Segment Open
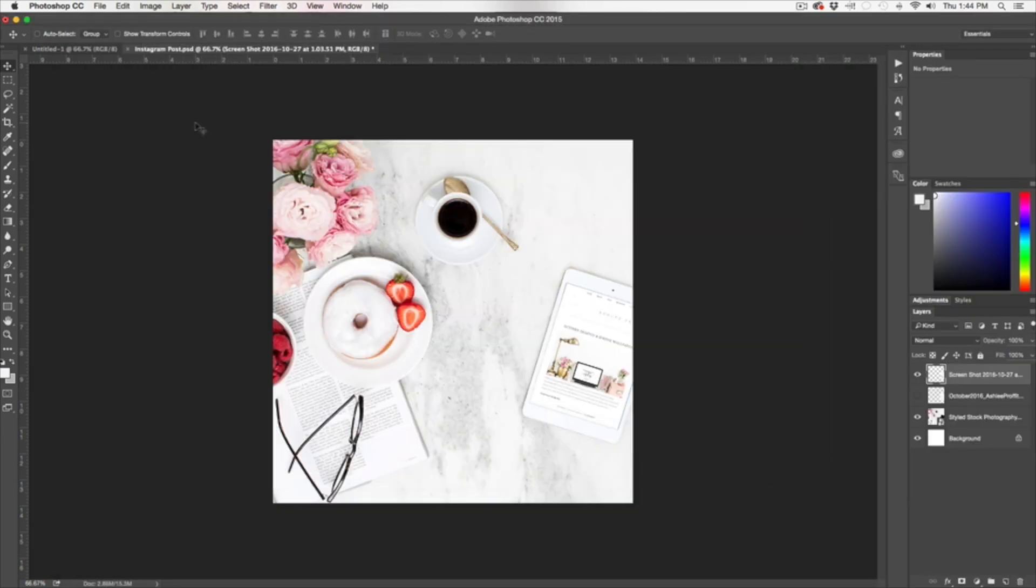And there you have it. How to overlay an image into a screen stock photography. Thanks for joining us.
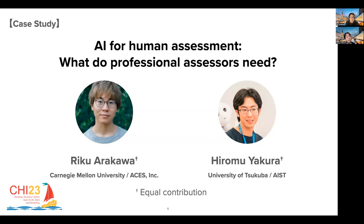Hi, I'm Hyomi Akura from University of Tsukuba. Today, I'm happy to present our work, AI for Human Assessment: What do professional assessors need? This work was done with Rikku Alkawa from Carnegie Mellon University and also in collaboration with a Japanese AI venture company, ACES.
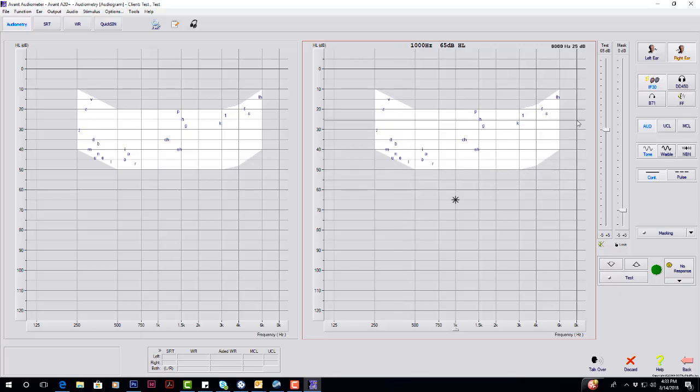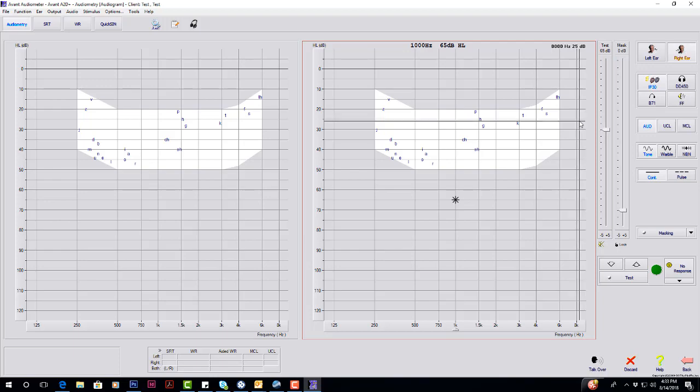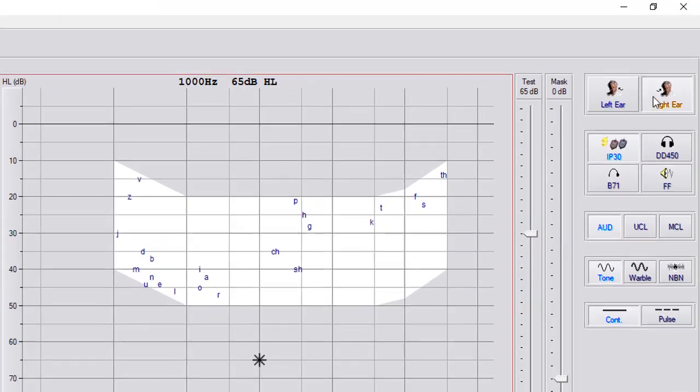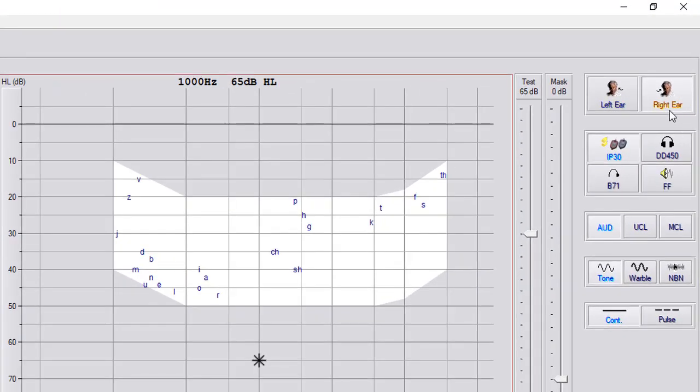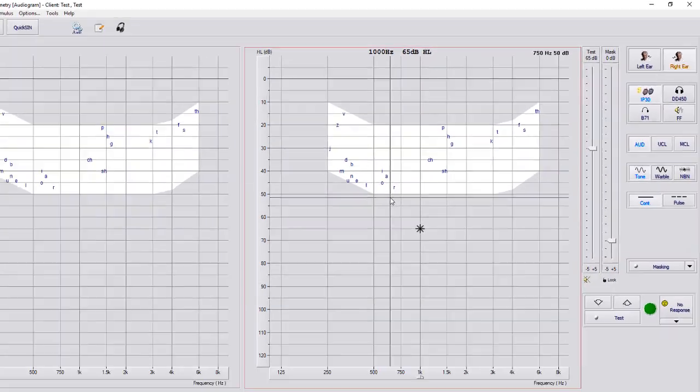Right now, we're going to go into our air conduction. We're on the right ear with the IP30s. AUD is going to be for your standard audiometry with a tone continuous.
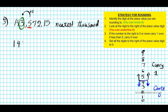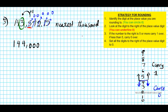If it's 5 or greater, you carry 1 over. If less than 5, you carry 0. It's 5, which is 5 or greater, so we're going to carry 1. This becomes: numbers to the left — 1, 4, 3 — carry 1, so 3 plus 1 is 4. What happens to every single digit to the right of the place value digit? We set them all to 0. Everything to the right is 0. So it's going to be 1, 4, 4, 0, 0, 0. So 143,572 rounded to the nearest thousand is 144,000.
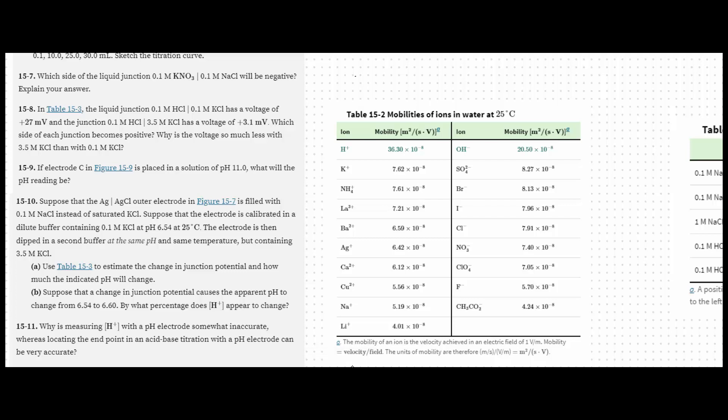Number seven, which side of the liquid junction of potassium nitrate and sodium chloride will be negative? Well, what I'm going to do is compare the mobilities of each of these ions in water. So the left side is potassium nitrate, and the right side is going to be sodium chloride.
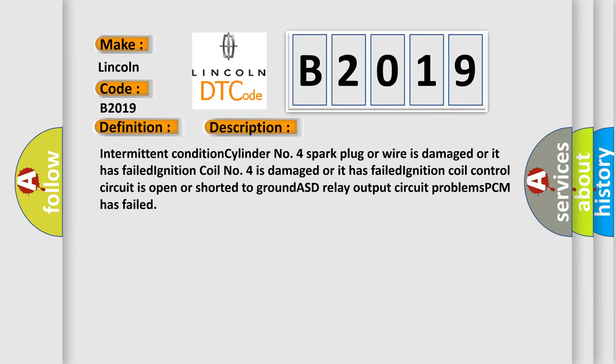Intermittent condition: cylinder number four spark plug or wire is damaged or it has failed; ignition coil number four is damaged or it has failed; ignition coil control circuit is open or shorted to ground; ASD relay output circuit problems; PCM has failed.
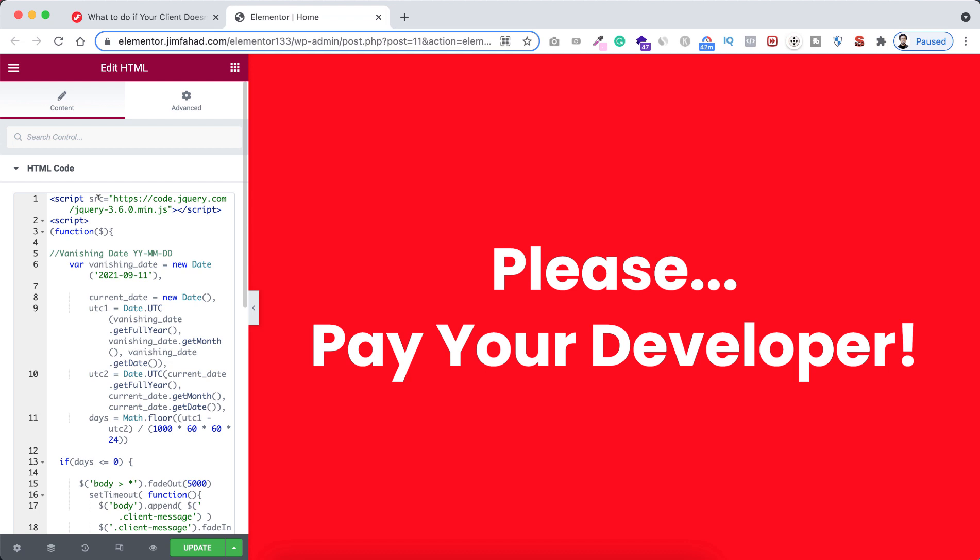So if your client doesn't pay you, the client themselves and all their visitors will see this message above their website that will say please pay your developer. Then of course your client will go back to you and you can get all your due payments from the client.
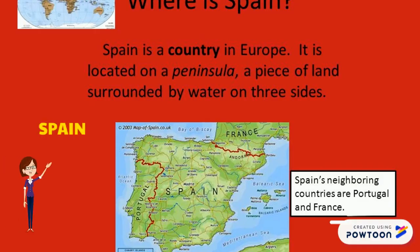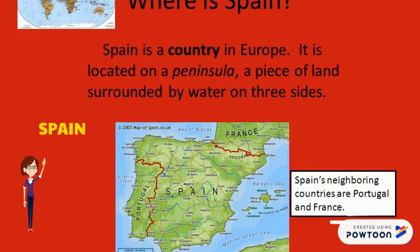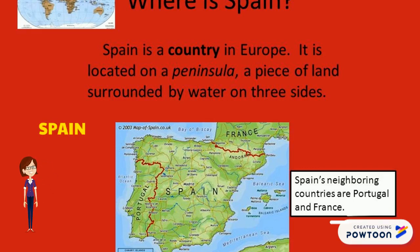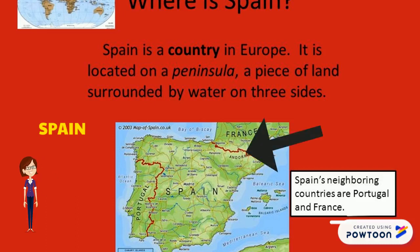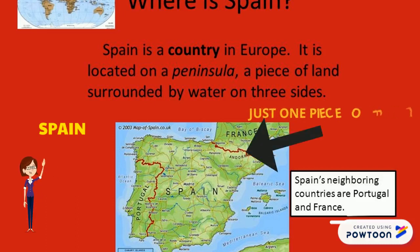Most of Spain is surrounded by water. Spain is a country in Europe. It is located on a peninsula — a piece of land surrounded by water on three sides.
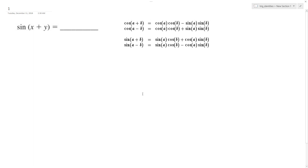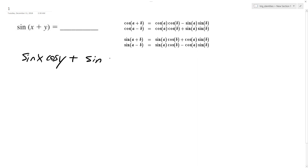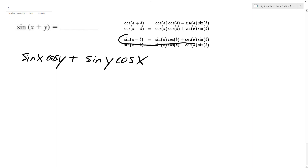What we end up with is sine of x cosine of y plus sine of y cosine of x. And that's it. And what that matches up with is what we have here. And instead of a and b, you just replace it with x and y.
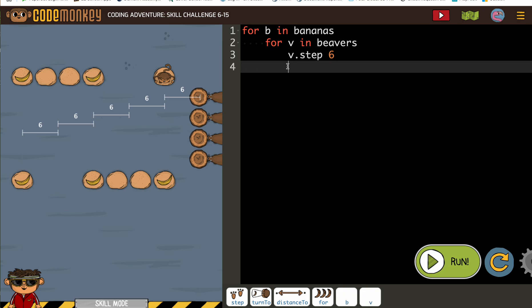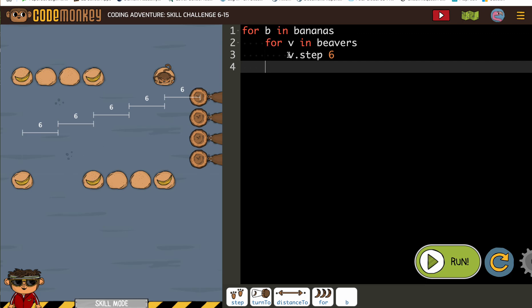Now this cursor is for the beaver loop. I'm going to press delete because I want it to be in my banana collecting loop. So all the things indented here are part of the banana collecting loop. All the things indented over here by the V are for the beaver moving loop.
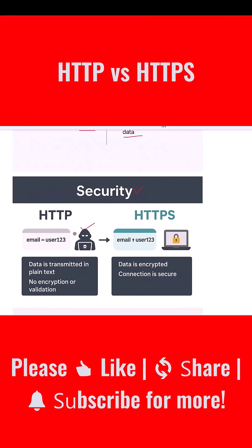With HTTPS, data is encrypted using SSL or TLS protocols. Even if someone intercepts the data, they cannot read or tamper with it. The connection is secure, private, and trustworthy. This is why HTTPS is considered essential for any site that handles login details, payments, or personal information.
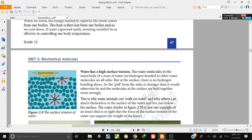Water has high surface tension. The water molecules in the main body of the water form hydrogen bonds. Water molecules on the outside also have hydrogen bonds, and you can see the hydrogen bonds between them.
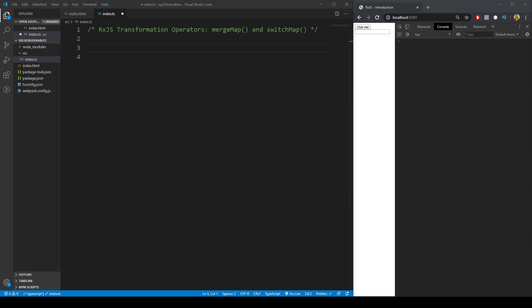Let's take a look at the mergeMap and switchMap transformation operators in RxJS. The mergeMap operator is going to merge the results of two observables into one.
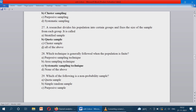A researcher divides his population into certain groups and fixes the size of the sample from each group — it is called what? For example, in a village of a thousand people, a researcher categorizes into male and female and chooses only 10 males and 10 females. He is categorizing into groups and fixing the sample size — that is called quota sampling.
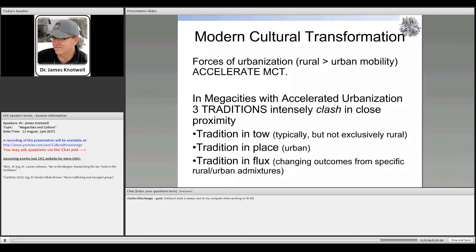Mobility has been going on forever, but it's accelerating in the last few decades — primarily in one direction: from rural to urban. These are inherently different physical environments, and that matters. Modern cultural transformation under the forces of urbanization is accelerating, creating a clash of three traditions in close proximity, which makes the situation inherently unstable, quickly changing, difficult to understand, and difficult to predict.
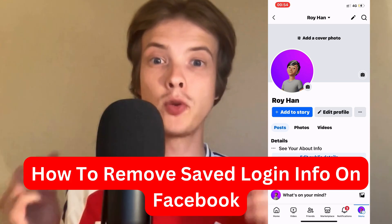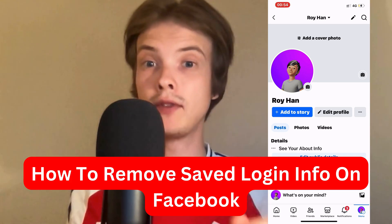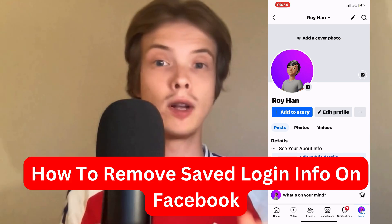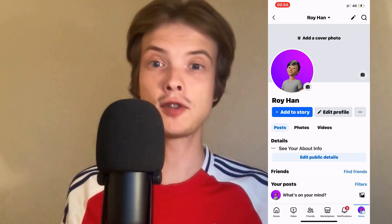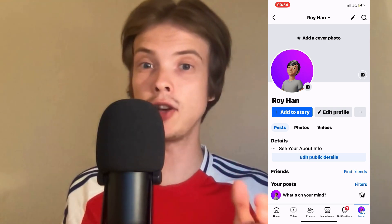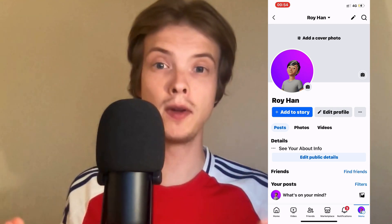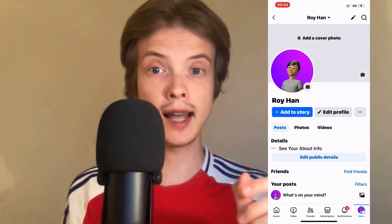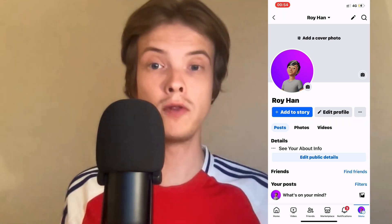Do you want to be able to remove saved login info on Facebook? Well, this video is going to be perfect for you because in this video, I'm going to show you a step-by-step guide on exactly how to remove it.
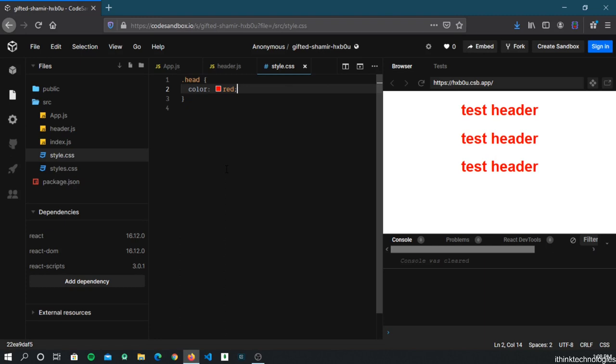Let's recap what we've learned: first, how to create components and why we use them; second, how to pass data from a parent component to a child component using props; and third, how to use CSS in components. In the next section we'll learn how to create new pages and do routing from one page to another. Thanks friends — please subscribe if you want to learn more. Have a great day!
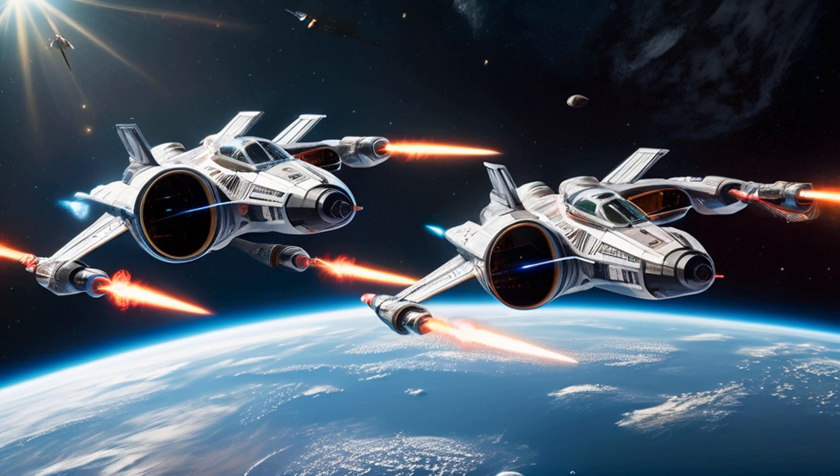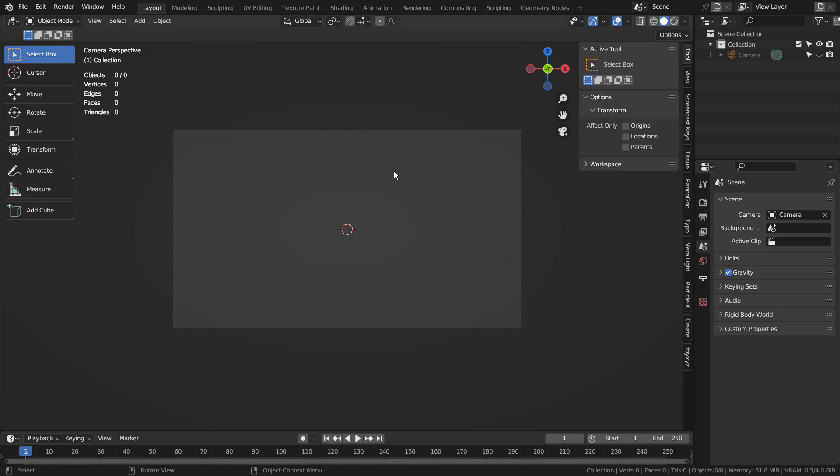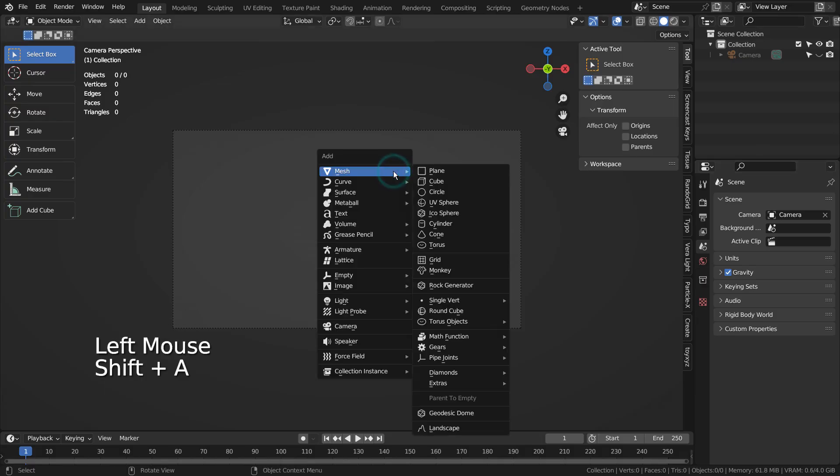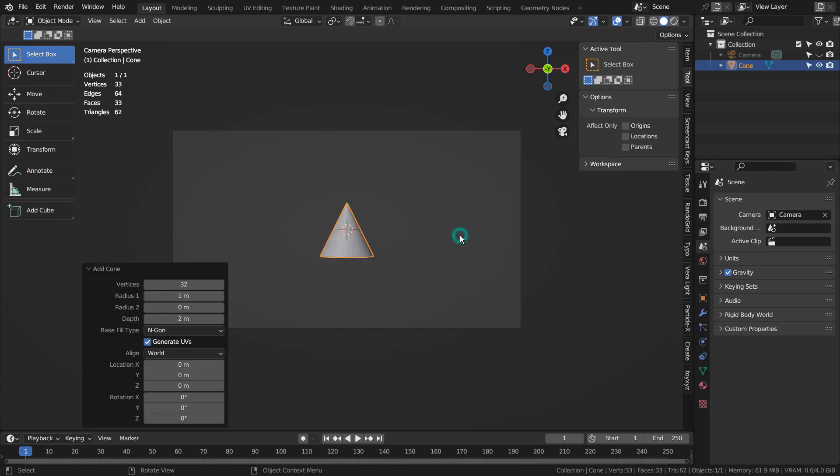In this tutorial, I'll show you how to create this image by using Blender and Stable Diffusion XL. I'll use a basic primitive mesh to create a simple prototype scene for the stable diffusion.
Segment Closed
WHAT YOU WILL DO
From the first line to the last, retype the data exactly, but omit every image.

YOUR SOLUTION
And there you have it. How to overlay an image into a screen stock photography. Thanks for joining us.
Hi, I'm Hyomi Akura from University of Tsukuba. Today, I'm happy to present our work, AI for Human Assessment: What do professional assessors need? This work was done with Rikku Alkawa from Carnegie Mellon University and also in collaboration with a Japanese AI venture company, ACES.
Right now, we're going to go into our air conduction. We're on the right ear with the IP30s. AUD is going to be for your standard audiometry with a tone continuous.
If it's 5 or greater, you carry 1 over. If less than 5, you carry 0. It's 5, which is 5 or greater, so we're going to carry 1. This becomes: numbers to the left — 1, 4, 3 — carry 1, so 3 plus 1 is 4. What happens to every single digit to the right of the place value digit? We set them all to 0. Everything to the right is 0. So it's going to be 1, 4, 4, 0, 0, 0. So 143,572 rounded to the nearest thousand is 144,000.
Number seven, which side of the liquid junction of potassium nitrate and sodium chloride will be negative? Well, what I'm going to do is compare the mobilities of each of these ions in water. So the left side is potassium nitrate, and the right side is going to be sodium chloride.
Intermittent condition: cylinder number four spark plug or wire is damaged or it has failed; ignition coil number four is damaged or it has failed; ignition coil control circuit is open or shorted to ground; ASD relay output circuit problems; PCM has failed.
So if your client doesn't pay you, the client themselves and all their visitors will see this message above their website that will say please pay your developer. Then of course your client will go back to you and you can get all your due payments from the client.
Most of Spain is surrounded by water. Spain is a country in Europe. It is located on a peninsula — a piece of land surrounded by water on three sides.
What we end up with is sine of x cosine of y plus sine of y cosine of x. And that's it. And what that matches up with is what we have here. And instead of a and b, you just replace it with x and y.
Now this cursor is for the beaver loop. I'm going to press delete because I want it to be in my banana collecting loop. So all the things indented here are part of the banana collecting loop. All the things indented over here by the V are for the beaver moving loop.
With HTTPS, data is encrypted using SSL or TLS protocols. Even if someone intercepts the data, they cannot read or tamper with it. The connection is secure, private, and trustworthy. This is why HTTPS is considered essential for any site that handles login details, payments, or personal information.
Water has high surface tension. The water molecules in the main body of the water form hydrogen bonds. Water molecules on the outside also have hydrogen bonds, and you can see the hydrogen bonds between them.
Let's take a look at the mergeMap and switchMap transformation operators in RxJS. The mergeMap operator is going to merge the results of two observables into one.
A researcher divides his population into certain groups and fixes the size of the sample from each group — it is called what? For example, in a village of a thousand people, a researcher categorizes into male and female and chooses only 10 males and 10 females. He is categorizing into groups and fixing the sample size — that is called quota sampling.
Mobility has been going on forever, but it's accelerating in the last few decades — primarily in one direction: from rural to urban. These are inherently different physical environments, and that matters. Modern cultural transformation under the forces of urbanization is accelerating, creating a clash of three traditions in close proximity, which makes the situation inherently unstable, quickly changing, difficult to understand, and difficult to predict.
Do you want to be able to remove saved login info on Facebook? Well, this video is going to be perfect for you because in this video, I'm going to show you a step-by-step guide on exactly how to remove it.
Let's recap what we've learned: first, how to create components and why we use them; second, how to pass data from a parent component to a child component using props; and third, how to use CSS in components. In the next section we'll learn how to create new pages and do routing from one page to another. Thanks friends — please subscribe if you want to learn more. Have a great day!
In this tutorial, I'll show you how to create this image by using Blender and Stable Diffusion XL. I'll use a basic primitive mesh to create a simple prototype scene for the stable diffusion.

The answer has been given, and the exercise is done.